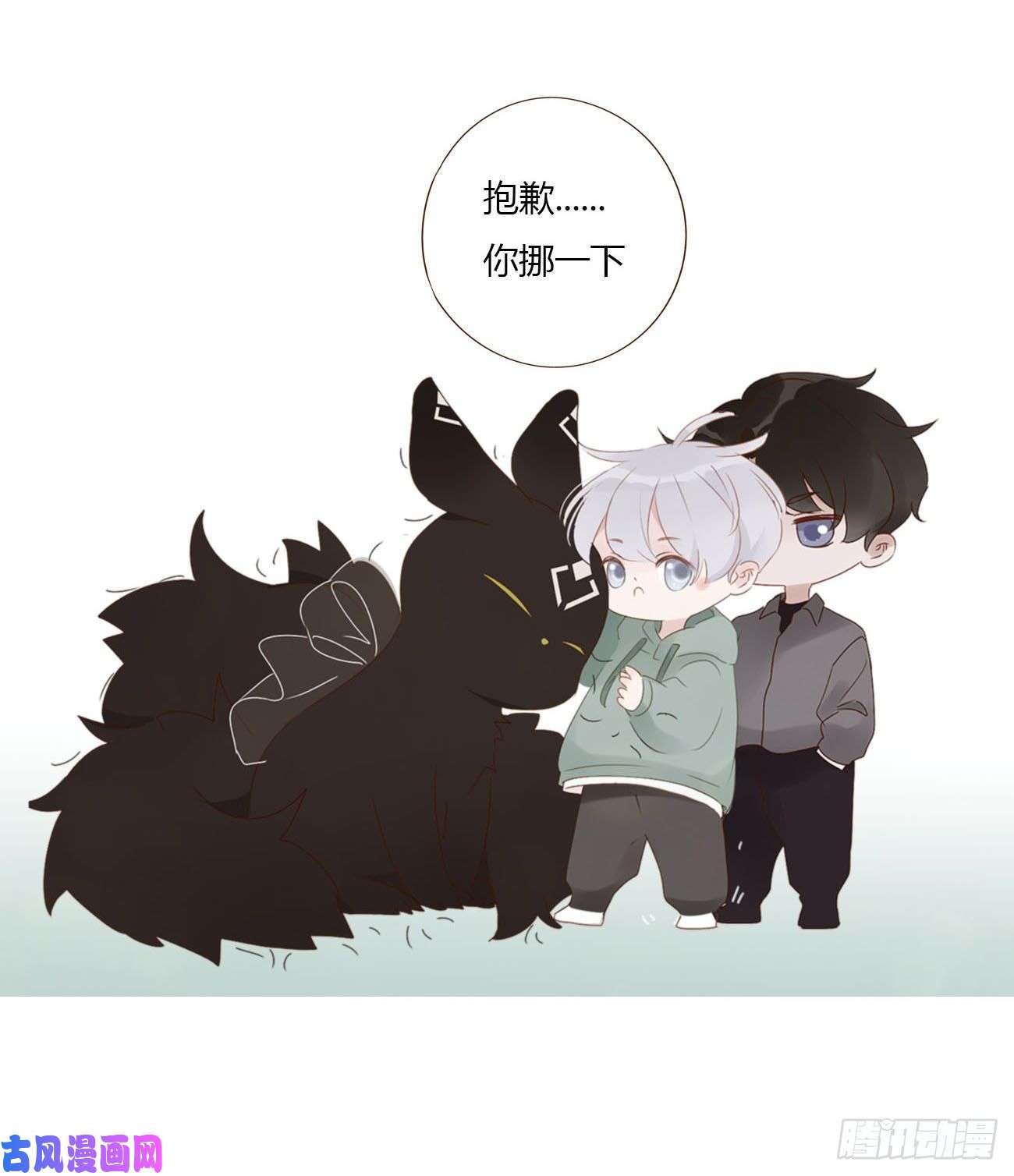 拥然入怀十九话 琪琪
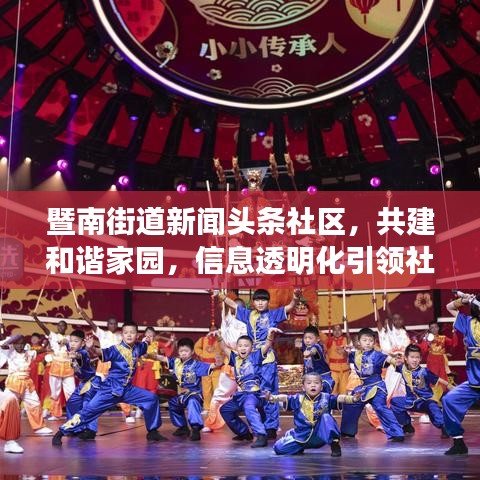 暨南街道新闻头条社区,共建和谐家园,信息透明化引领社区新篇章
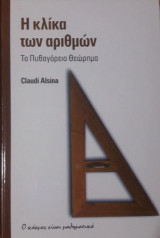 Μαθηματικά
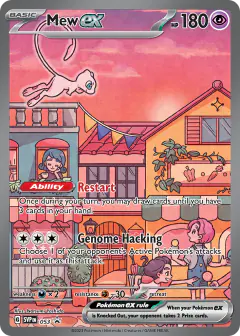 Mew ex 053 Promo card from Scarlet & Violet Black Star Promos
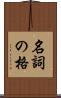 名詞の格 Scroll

• Assignment: Give again exactly the lines from the one holding "Mew ex 053 Promo" to the final line of the records, both ends included, and nothing more. Pictures do not belong in the copy.

• Reply:
 Mew ex 053 Promo card from Scarlet & Violet Black Star Promos
 名詞の格 Scroll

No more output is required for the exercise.